De betrouwbaarheid van vragenlijsten bij prevalentieonderzoek?

Een ander onderdeel van het onderzoek ging na of vragenlijsten over druggebruik een betrouwbare manier zijn om middelengebruik in kaart te brengen.

In dit onderdeel van het project werden 328 festivalgangers bevraagd in België en 769 festivalgangers in Zweden. De deelnemers vulden een vragenlijst in over hun middelengebruik, inclusief hun gebruik tijdens de afgelopen 48 uur. Daarna werden een alcohol- en een speekseltest afgelegd. Hierdoor konden de onderzoekers verschillen detecteren in de subjectieve rapportering van middelengebruik door middel van de vragenlijst en de objectieve screening naar druggebruik doormiddel van de tests.

De resultaten van dit onderdeel zijn nog niet volledig afgerond, maar uit de eerste resultaten blijkt dat er zowel sprake is van over- als onderrapportage van het werkelijke gebruik. Voor cannabis is er vooral sprake van een overrapportering, wat vermoedelijk te maken heeft met de gevoeligheid van de detectiemethode. Voor amfetamines en cocaïne werd door sommige deelnemers overgerapporteerd en door andere ondergerapporteerd.

Daarnaast zijn er grote verschillen in gebruik tussen Zweden en België. In Zweden gaf 4% aan drugs gebruikt te hebben tijdens de afgelopen 48 uur. In België gaf 54% van de festivalgangers gebruik toe. In beide landen zijn alcohol, cannabis, ecstasy en cocaïne de meest gebruikte partydrugs. Het gebruik van illegale drugs lijkt vele malen hoger te liggen in België dan in Zweden. Voor alcohol zagen we het omgekeerde. In Zweden lag het gemiddelde alcoholgehalte in het bloed op0.76 promille. In België was het minder dan de helft met een gemiddelde van 0.33 promille.

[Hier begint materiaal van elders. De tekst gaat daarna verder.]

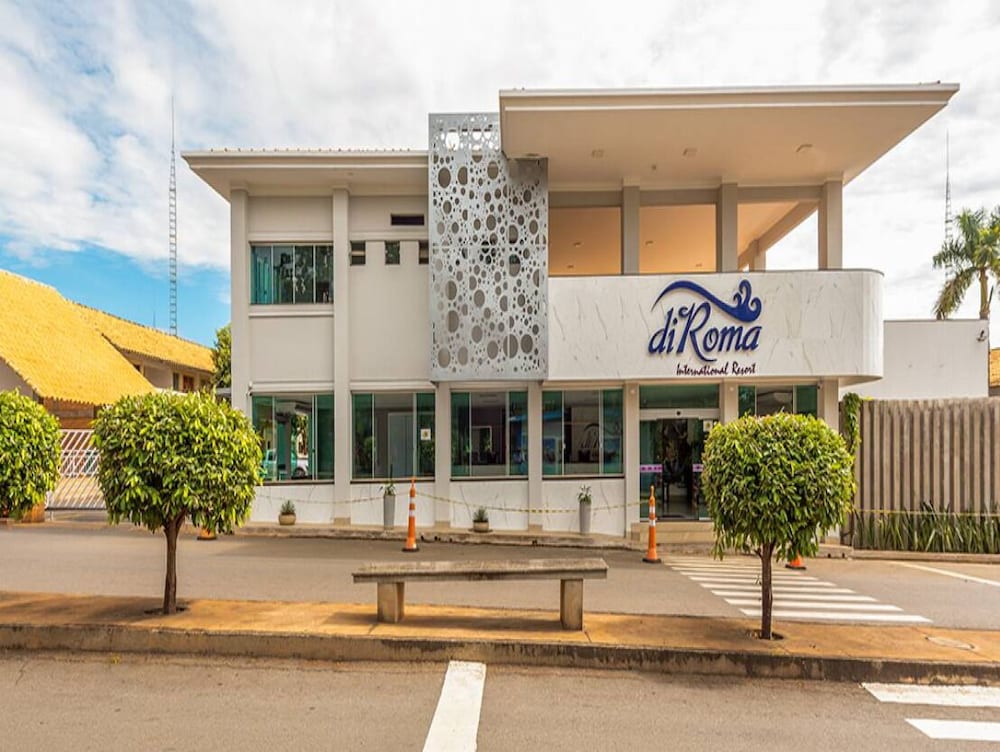 Hotel diRoma Resort - Image 1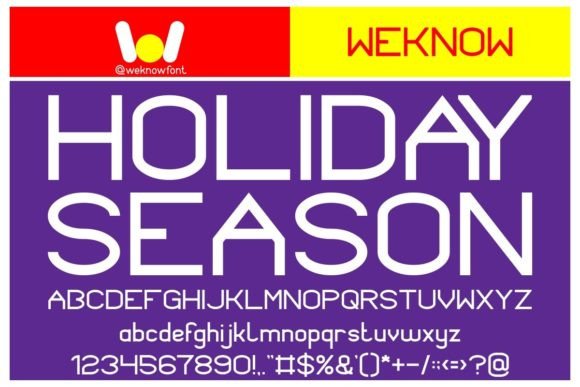 Download Holiday Season - Premium Resources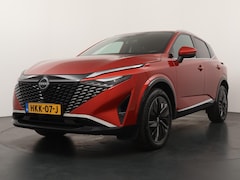 Nissan Qashqai - 1.3 MHEV Xtronic Tekna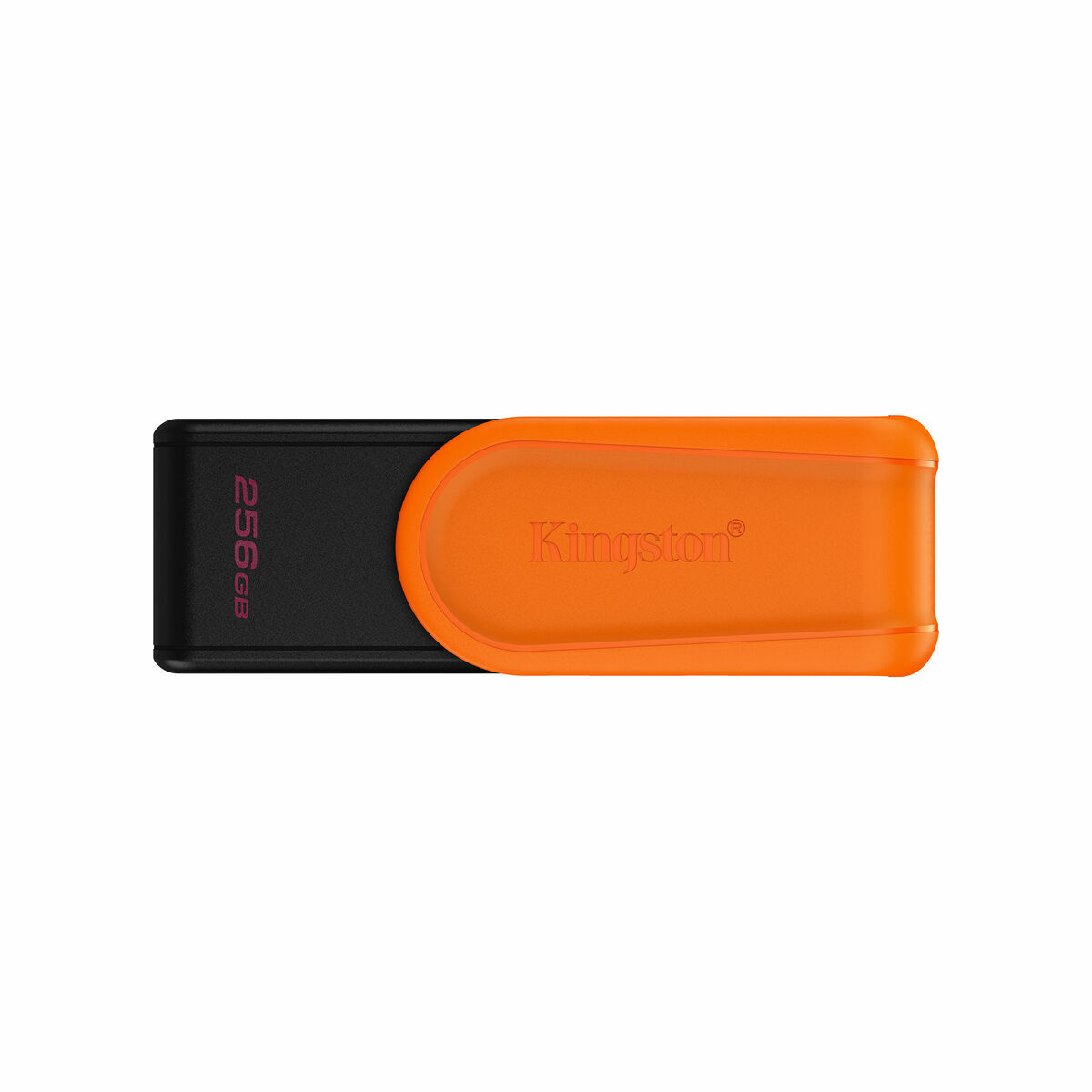 Carte Mémoire Micro SD avec Adaptateur Kingston DTXS/256GB 256 GB
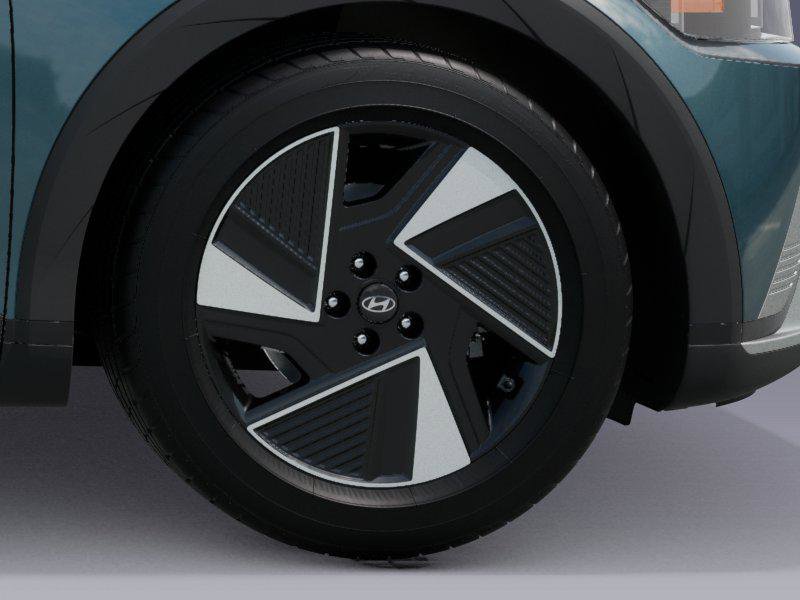 New 2026 Hyundai Ioniq 5 SEL image 8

De grote verschillen tussen beide landen wijzen enerzijds op culturele verschillen in middelengebruik. Anderzijds hebben ze waarschijnlijk ook te maken met de verschillende vormen van drugbeleid. Zweden heeft een zeer strikt drugbeleid waardoor festivalgangers die drugs gebruiken vermoedelijk niet durven of willen toegeven dat ze drugs gebruikt hebben. Tenslotte kan de over- of onderrapportage te maken hebben met het feit dat drugs illegaal zijn en dus niet altijd de actieve stoffen bevatten die ze zouden moeten bevatten.

Conclusies

De in deze studie gevonden snelle veranderingen in patronen van drugs- en ander middelengebruik toont aan dat er heel wat evoluties zijn qua middelengebruik in deze populatie en dat er heel wat verschillen zijn qua gebruik per land. Het is dus belangrijk om de vinger aan de pols te houden en voldoende in te zetten op monitoring van gebruik. Sommige stoffen lijken land-specifiek te zijn, b.v. 4-FA werd voornamelijk gebruikt in Nederland en synthetische cannabinoïden komen meer voor in het VK. Het zou interessant zijn om meer inzicht te krijgen in de redenen die dergelijke variatie in gebruik kunnen verklaren.

Er zijn verschillende risicogroepen geïdentificeerd die mogelijk een specifieke aanpak vragen in preventieactiviteiten. Een relevante bevinding is het hoge aantal respondenten dat de intentie uitspreekt om het middelengebruik te verminderen. Interventies zouden kunnen worden ontwikkeld om deze gebruikers te motiveren hun doelen te bereiken en daarmee toekomstige gezondheidsschade te verminderen.